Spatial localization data
-.-.-

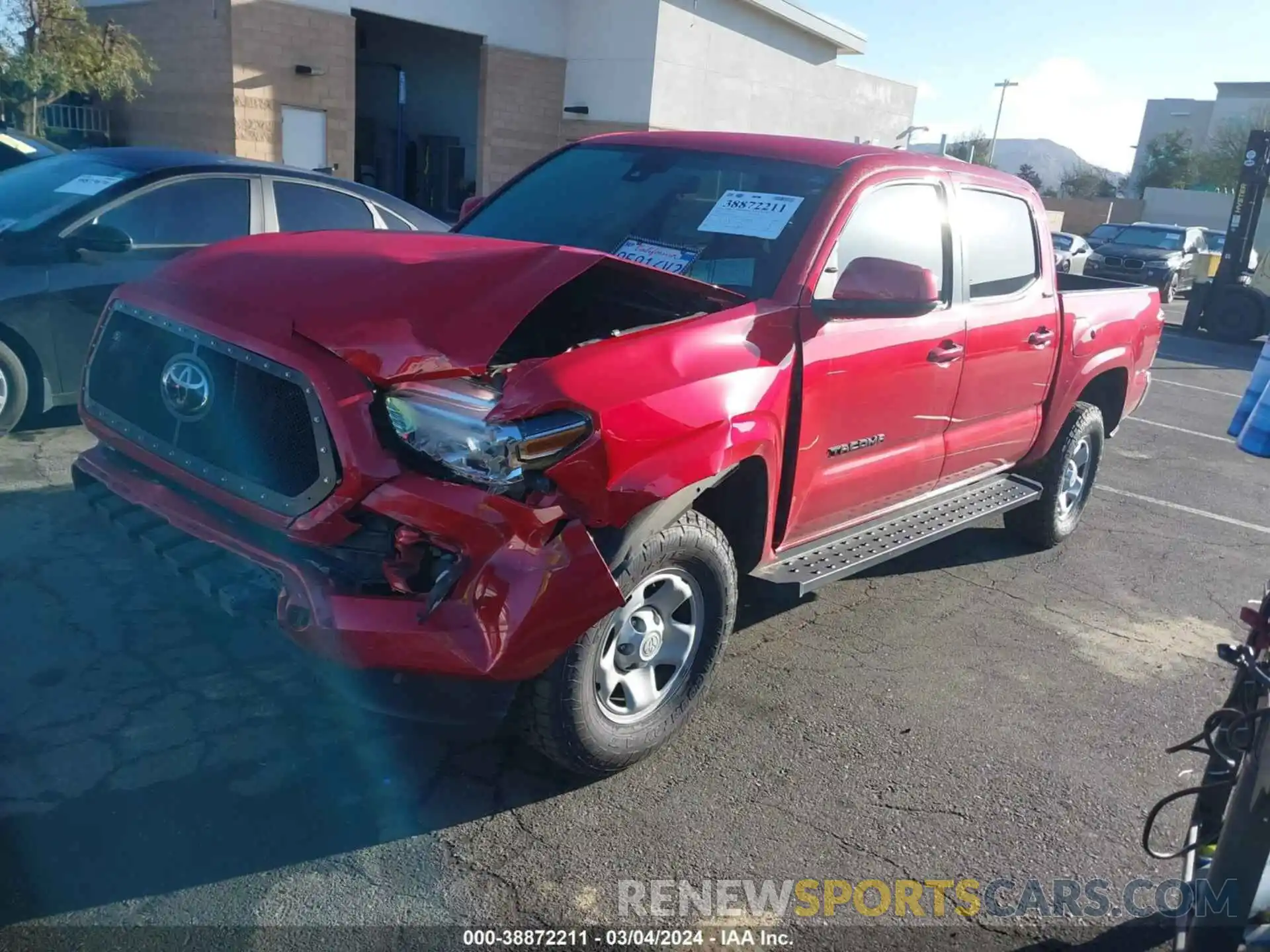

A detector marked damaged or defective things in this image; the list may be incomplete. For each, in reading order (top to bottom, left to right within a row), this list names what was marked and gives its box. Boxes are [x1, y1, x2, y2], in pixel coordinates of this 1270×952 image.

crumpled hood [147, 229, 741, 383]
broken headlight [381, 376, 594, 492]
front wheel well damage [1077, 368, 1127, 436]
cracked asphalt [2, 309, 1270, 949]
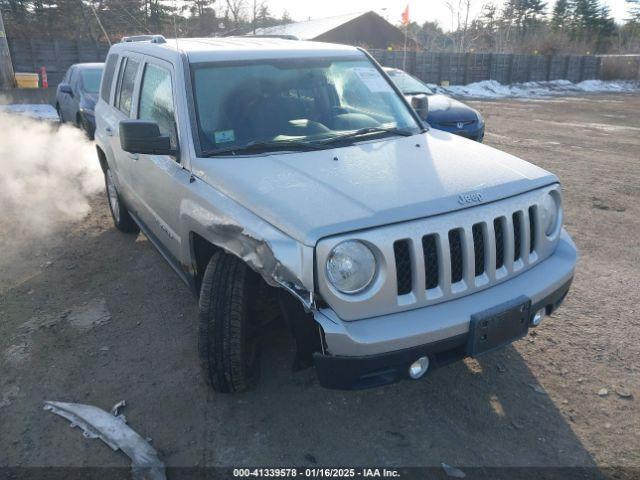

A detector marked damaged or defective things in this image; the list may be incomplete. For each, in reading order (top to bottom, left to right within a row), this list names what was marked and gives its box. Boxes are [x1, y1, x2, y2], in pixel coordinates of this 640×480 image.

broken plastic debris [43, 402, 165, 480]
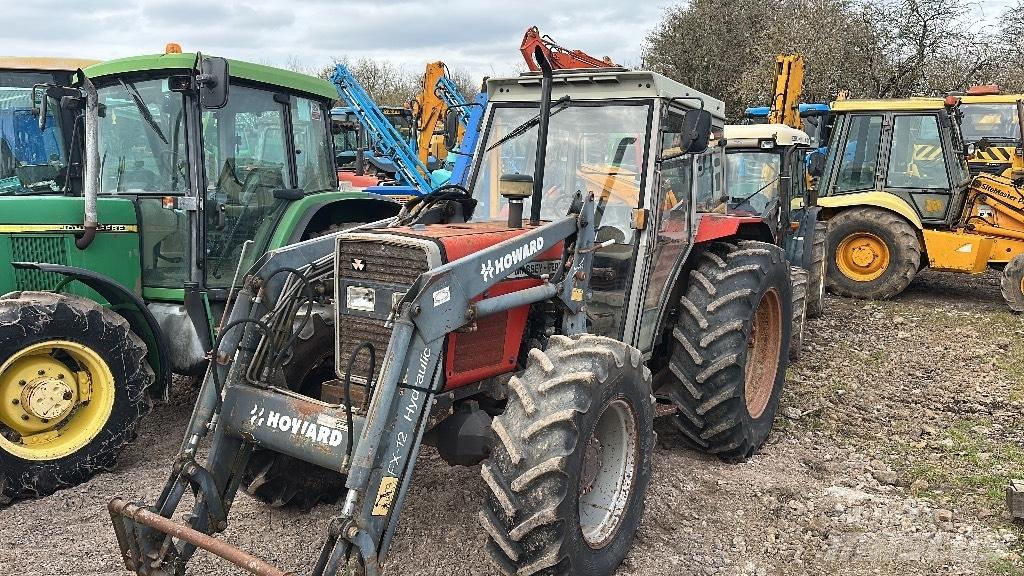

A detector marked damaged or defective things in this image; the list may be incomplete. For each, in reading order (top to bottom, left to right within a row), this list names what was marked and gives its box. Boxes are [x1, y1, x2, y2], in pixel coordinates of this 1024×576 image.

-.-.-

Exercise description » From the line with "this 640×480 image." to the final line of the records, inclusive, set down the lines exactly and add nothing; leave every picture out.

Exercise result »
A detector marked damaged or defective things in this image; the list may be incomplete. For each, in reading order (top to bottom, left to right within a row), this list names what was marked and gives its box. Boxes are [x1, y1, x2, y2], in pixel coordinates of this 640×480 image.

broken plastic debris [43, 402, 165, 480]

A detector marked damaged or defective things in this image; the list may be incomplete. For each, in reading order (top to bottom, left to right within a row), this list names what was marked and gives its box. Boxes are [x1, y1, x2, y2], in pixel coordinates of this 1024×576 image.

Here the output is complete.